Adding support for Swissalti3d elevation (opendata)


Swissalti3d is a precise elevation data (0.5m or 2m step) available freely as opendata.
I have started investigating how to add support for it in Graphhopper. I would be glad to have feedback and maintainer guidance on how to do that in a great way.

If there is interest for it by the maintainers, my plan is to have it merged into graphhopper mainstream.
Otherwise it would stay in a fork, available for anyone interested in it.

Here are some insights / details following my primary investigation.

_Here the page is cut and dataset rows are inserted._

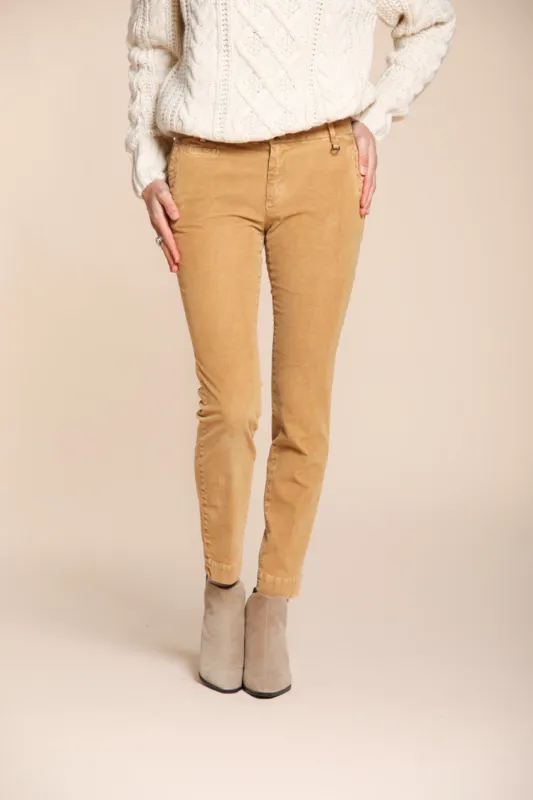 Jaqueline Archivio women’s chino trousers in 1000 wale corduroy slim fit sold by Mason's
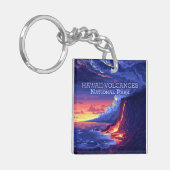 ハワイボルカノスナショナルパークビッグアイランドレトロ キーホルダー (正面左)
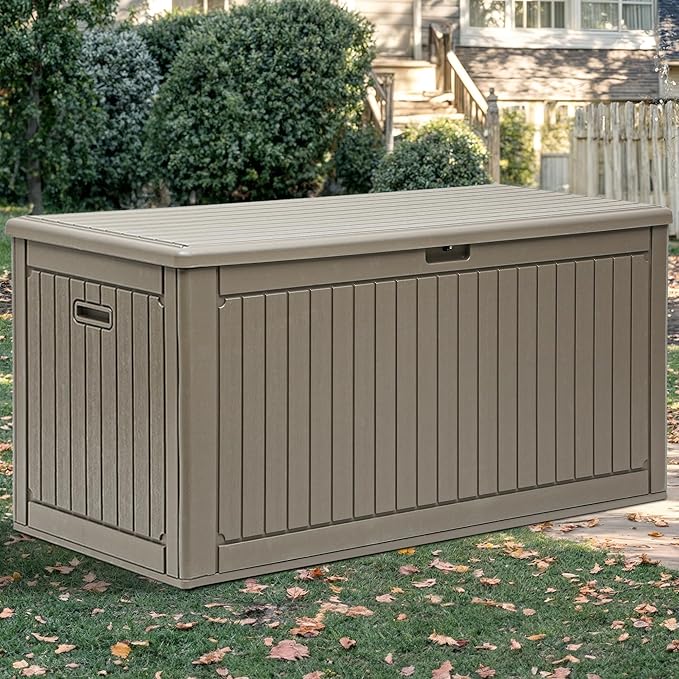 YITAHOME 260 Gallon Large Deck Box with Divider & Side Handles, Outdoor Double-Wall Storage for Patio Furniture Cushions, Garden Pool Accessories, Waterproof & Lockable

The datasource: opendata Swissalti3d

Area: Switzerland

Cloud Optimized Geotiff (COG), LZW compression
0.5 m COG: ~ 26 MB / tile, 770 GB / full coverage
2 m COG: ~ 1 MB / tile, 44 GB / full coverage

Projection: LV95 (EPSG:2056)

Downloading all tiles:

Select entire dataset + download csv with the URLS for all the tiles

Example of tiles from the CSV (these are 2m steps):

Gdal output:
Driver: GTiff/GeoTIFF
Files: swissalti3d_2019_2501-1120_2_2056_5728.tif
Size is 500, 500
Coordinate System is:
PROJCRS[“CH1903+ / LV95”,

SCOPE[“Cadastre, engineering survey, topographic mapping (large and medium scale).”],
AREA[“Liechtenstein; Switzerland.”],
Data axis to CRS axis mapping: 1,2
Origin = (2501000.000000000000000,1121000.000000000000000)
Pixel Size = (2.000000000000000,-2.000000000000000)
Image Structure Metadata:
Corner Coordinates:
Upper Left ( 2501000.000, 1121000.000) ( 6d 9’21.66"E, 46d14’ 3.78"N)
Lower Left ( 2501000.000, 1120000.000) ( 6d 9’22.42"E, 46d13’31.40"N)
Upper Right ( 2502000.000, 1121000.000) ( 6d10’ 8.32"E, 46d14’ 4.31"N)
Lower Right ( 2502000.000, 1120000.000) ( 6d10’ 9.08"E, 46d13’31.93"N)
Center ( 2501500.000, 1120500.000) ( 6d 9’45.37"E, 46d13’47.86"N)
Band 1 Block=128x128 Type=Float32, ColorInterp=Gray
Min=372.139 Max=372.141
Minimum=372.139, Maximum=372.141, Mean=372.140, StdDev=0.000
NoData Value=-9999
Overviews: 250x250


  • figure out the tiling naming conventions of Swissalti3d
  • create a Swissalti3dElevationProvider on the model of CGIARProvider

Pain points?

I am open to your feedback.
If someone want to directly participate, also let me know.


create a Swissalti3dElevationProvider on the model of CGIARProvider

A better approach might be first converting the Swissalti tiles to a format that GraphHopper understands already. Actually, I think I did this before using gdal (or QGIS? or both?), I’ll try to remember, but I think it worked quite well once I had figured out the right command.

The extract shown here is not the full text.